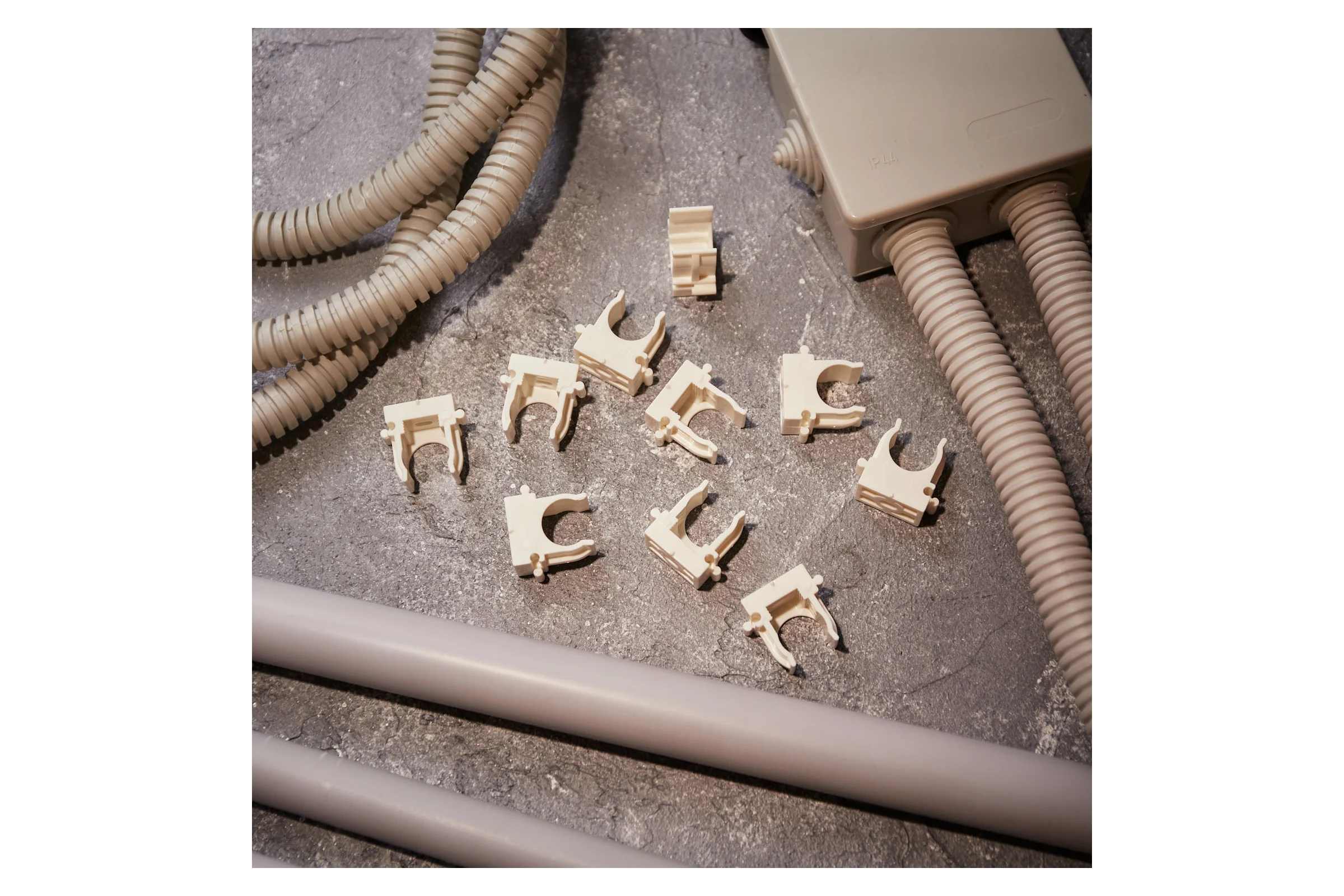 Крепеж-клипса для монтажного пистолета REXANT d=16 мм, белая 100 шт 28-0416-3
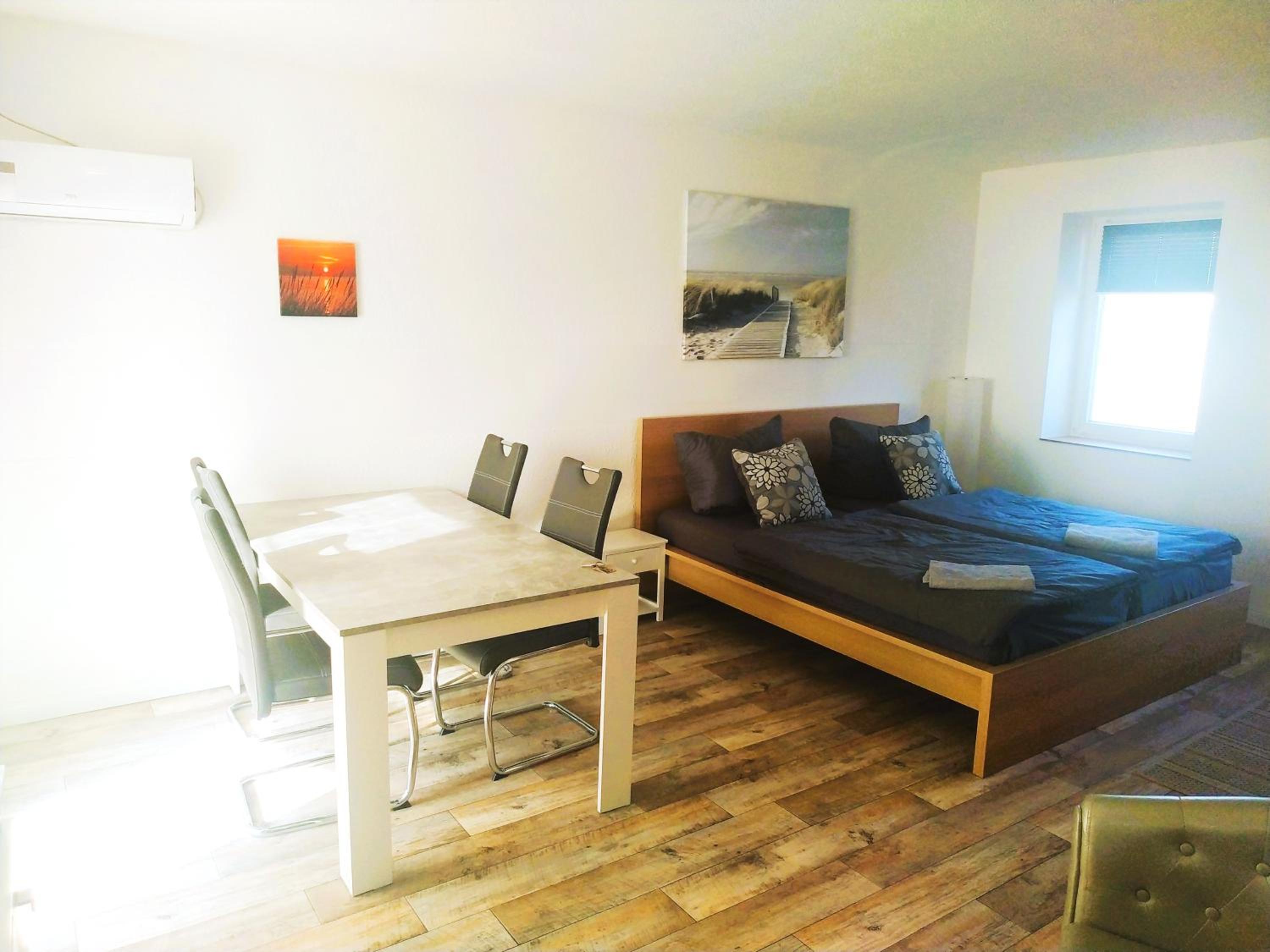 Apartment with Balcony photo 1
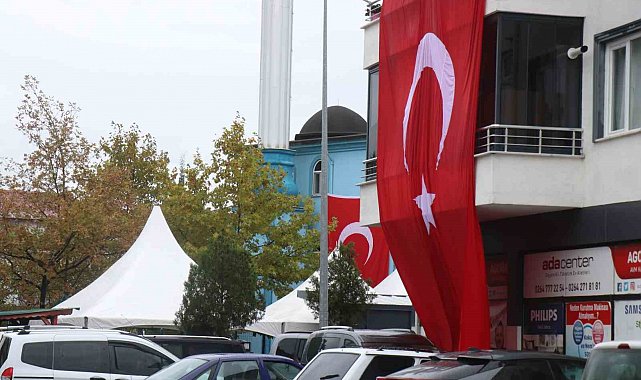 Sakaryalı şehidin mahallesi Türk bayraklarıyla donatıldı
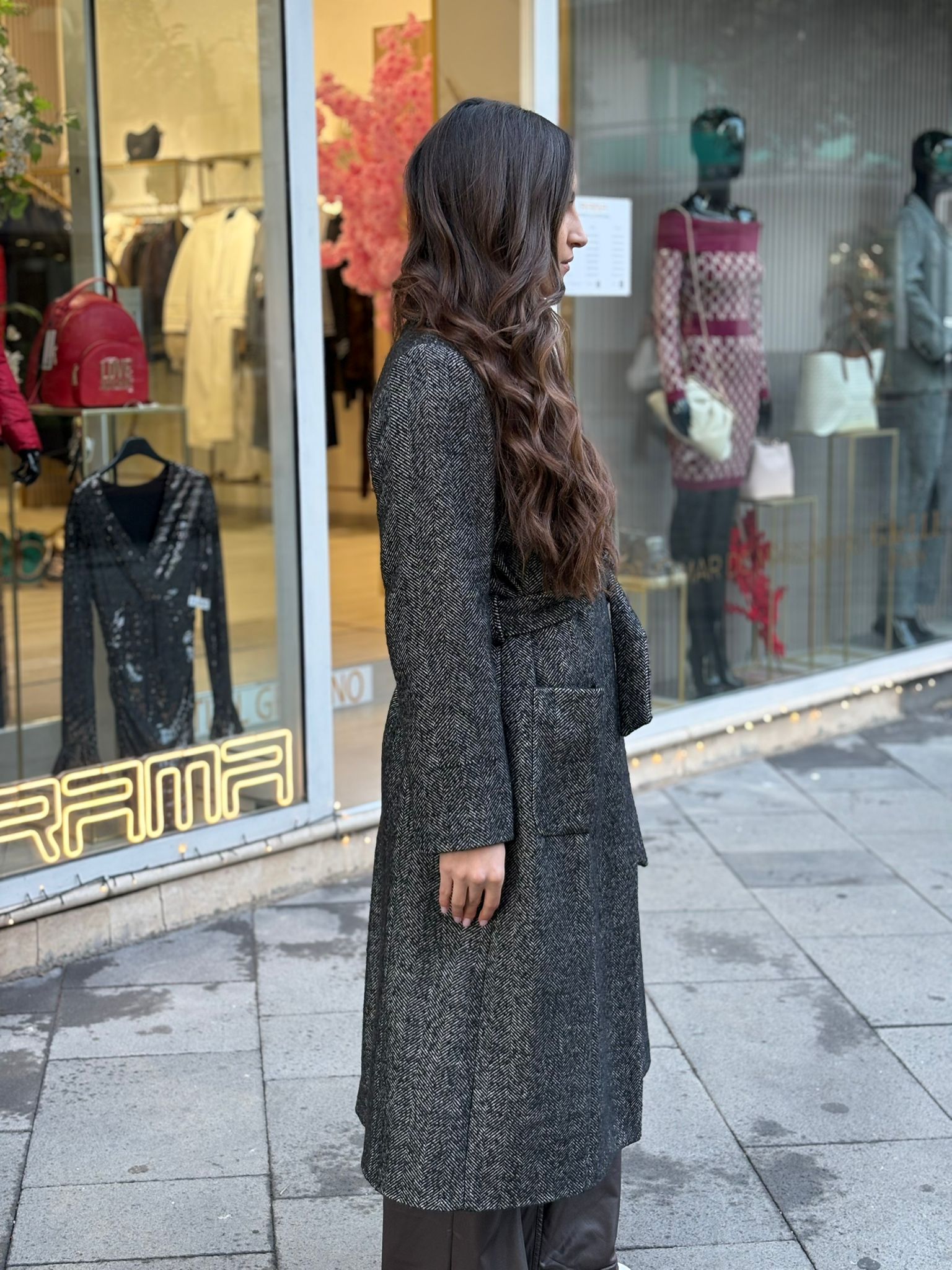 Cappotto Ambra Corsini lungo con cintura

→ **Directions**:
With the images removed, write out all of the material above exactly.

→ **Result**:
 Крепеж-клипса для монтажного пистолета REXANT d=16 мм, белая 100 шт 28-0416-3
 Apartment with Balcony photo 1
 Sakaryalı şehidin mahallesi Türk bayraklarıyla donatıldı
 Cappotto Ambra Corsini lungo con cintura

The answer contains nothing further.